Below are the entries. Print only the lines starting at the one with "Here is the" and ending at the one with "You should now", exactly, with no pictures.
[[ Extracted records, beginning ]]
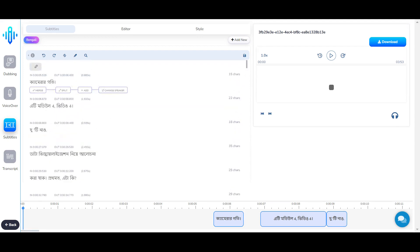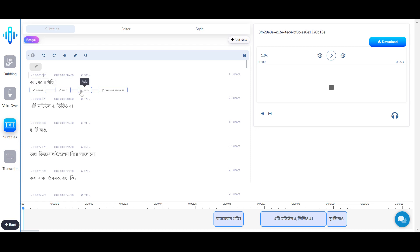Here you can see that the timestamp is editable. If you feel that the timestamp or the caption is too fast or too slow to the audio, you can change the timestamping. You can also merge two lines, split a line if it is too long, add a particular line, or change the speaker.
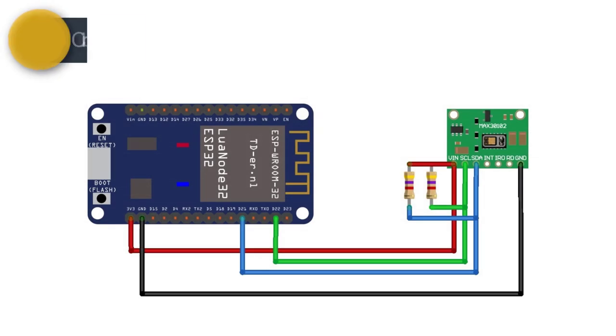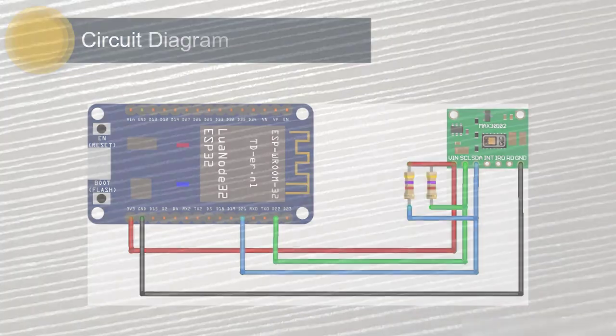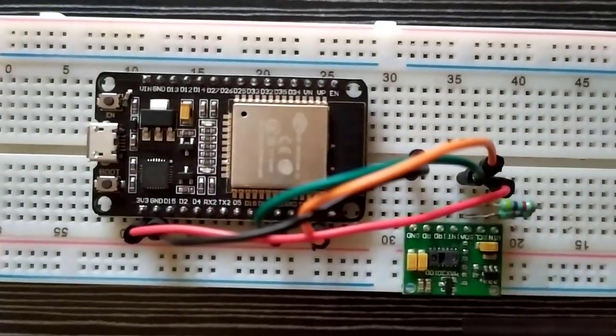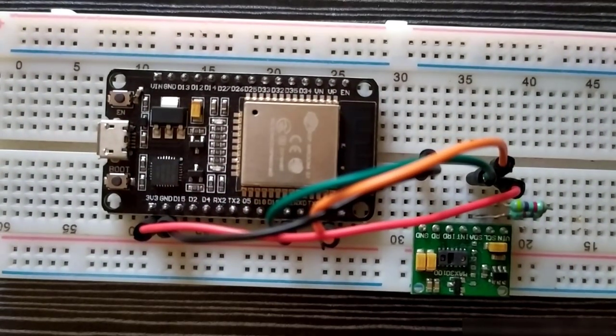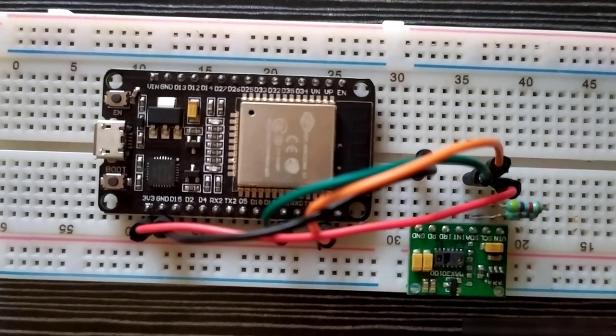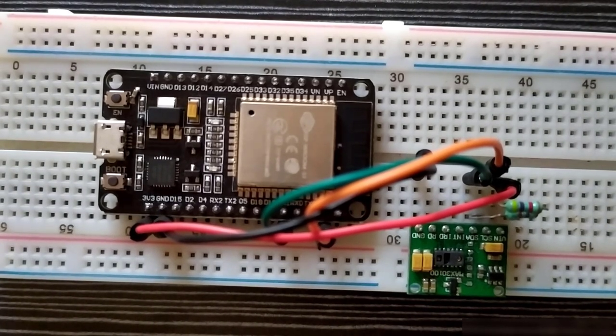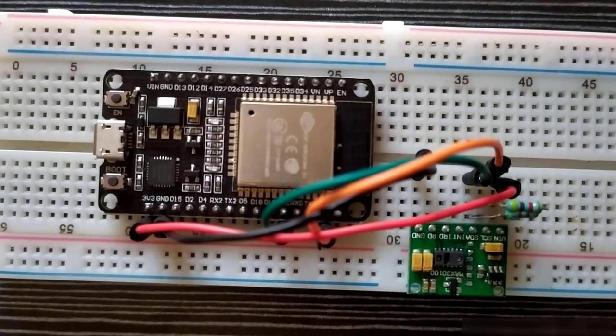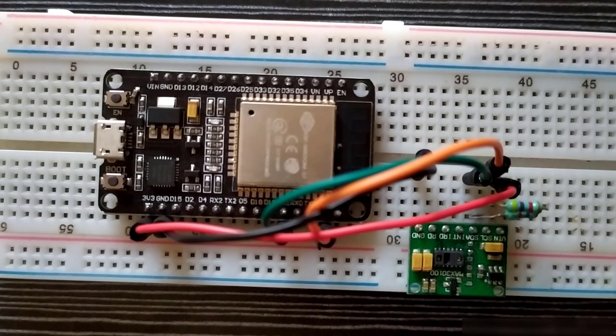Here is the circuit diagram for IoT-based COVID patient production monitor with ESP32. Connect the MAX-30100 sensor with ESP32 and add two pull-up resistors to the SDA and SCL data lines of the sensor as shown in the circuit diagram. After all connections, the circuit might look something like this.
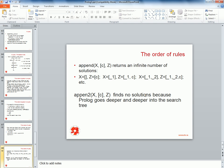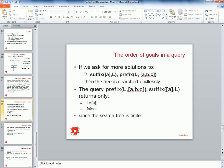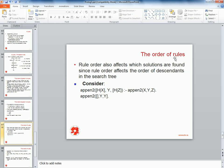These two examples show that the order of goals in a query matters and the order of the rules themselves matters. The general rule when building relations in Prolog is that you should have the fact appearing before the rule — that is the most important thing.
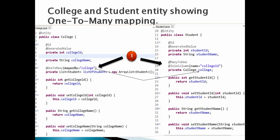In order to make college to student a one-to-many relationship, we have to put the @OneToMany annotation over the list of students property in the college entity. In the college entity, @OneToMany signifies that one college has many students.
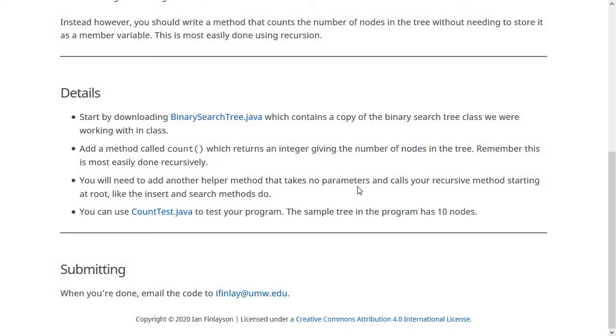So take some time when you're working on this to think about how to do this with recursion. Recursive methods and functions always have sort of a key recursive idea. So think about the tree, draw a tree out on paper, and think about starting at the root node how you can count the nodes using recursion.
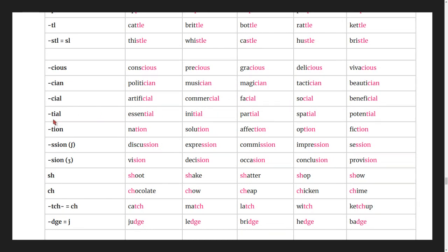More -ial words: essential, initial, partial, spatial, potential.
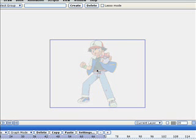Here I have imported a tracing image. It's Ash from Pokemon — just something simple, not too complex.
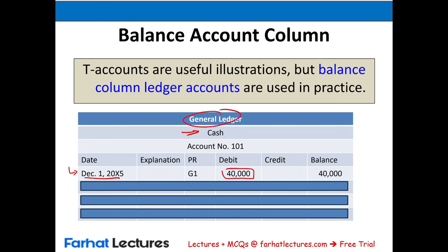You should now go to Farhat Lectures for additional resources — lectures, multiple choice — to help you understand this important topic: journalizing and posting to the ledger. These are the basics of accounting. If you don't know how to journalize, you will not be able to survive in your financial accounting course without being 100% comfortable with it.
[[ Extracted records, end ]]
[[ Extracted records, beginning ]]
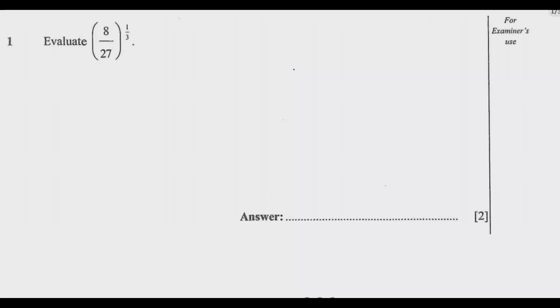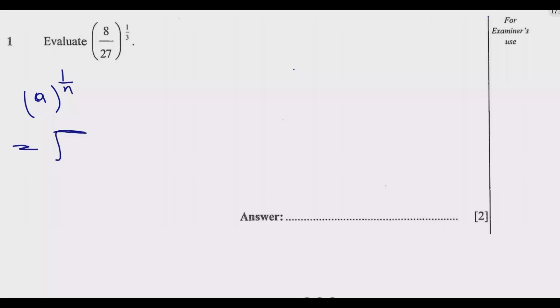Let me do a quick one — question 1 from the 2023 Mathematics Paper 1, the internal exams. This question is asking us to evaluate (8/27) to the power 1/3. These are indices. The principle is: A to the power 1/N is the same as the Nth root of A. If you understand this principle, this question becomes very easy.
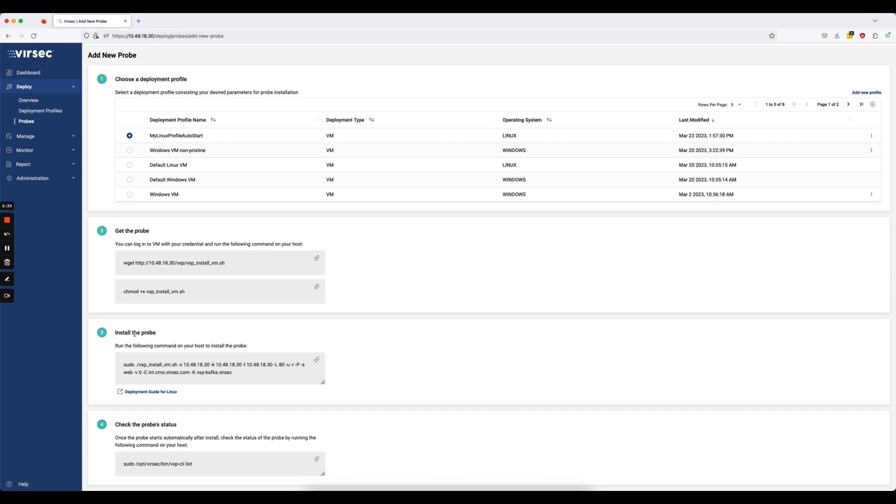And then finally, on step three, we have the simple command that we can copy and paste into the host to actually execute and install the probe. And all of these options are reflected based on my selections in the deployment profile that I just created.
[[ Extracted records, end ]]
[[ Extracted records, beginning ]]
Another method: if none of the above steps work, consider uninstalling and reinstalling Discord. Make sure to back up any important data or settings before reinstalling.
[[ Extracted records, end ]]
• [Response to the task]
Here is the circuit diagram for IoT-based COVID patient production monitor with ESP32. Connect the MAX-30100 sensor with ESP32 and add two pull-up resistors to the SDA and SCL data lines of the sensor as shown in the circuit diagram. After all connections, the circuit might look something like this.
These two examples show that the order of goals in a query matters and the order of the rules themselves matters. The general rule when building relations in Prolog is that you should have the fact appearing before the rule — that is the most important thing.
In order to make college to student a one-to-many relationship, we have to put the @OneToMany annotation over the list of students property in the college entity. In the college entity, @OneToMany signifies that one college has many students.
So take some time when you're working on this to think about how to do this with recursion. Recursive methods and functions always have sort of a key recursive idea. So think about the tree, draw a tree out on paper, and think about starting at the root node how you can count the nodes using recursion.
More -ial words: essential, initial, partial, spatial, potential.
Here I have imported a tracing image. It's Ash from Pokemon — just something simple, not too complex.
You should now go to Farhat Lectures for additional resources — lectures, multiple choice — to help you understand this important topic: journalizing and posting to the ledger. These are the basics of accounting. If you don't know how to journalize, you will not be able to survive in your financial accounting course without being 100% comfortable with it.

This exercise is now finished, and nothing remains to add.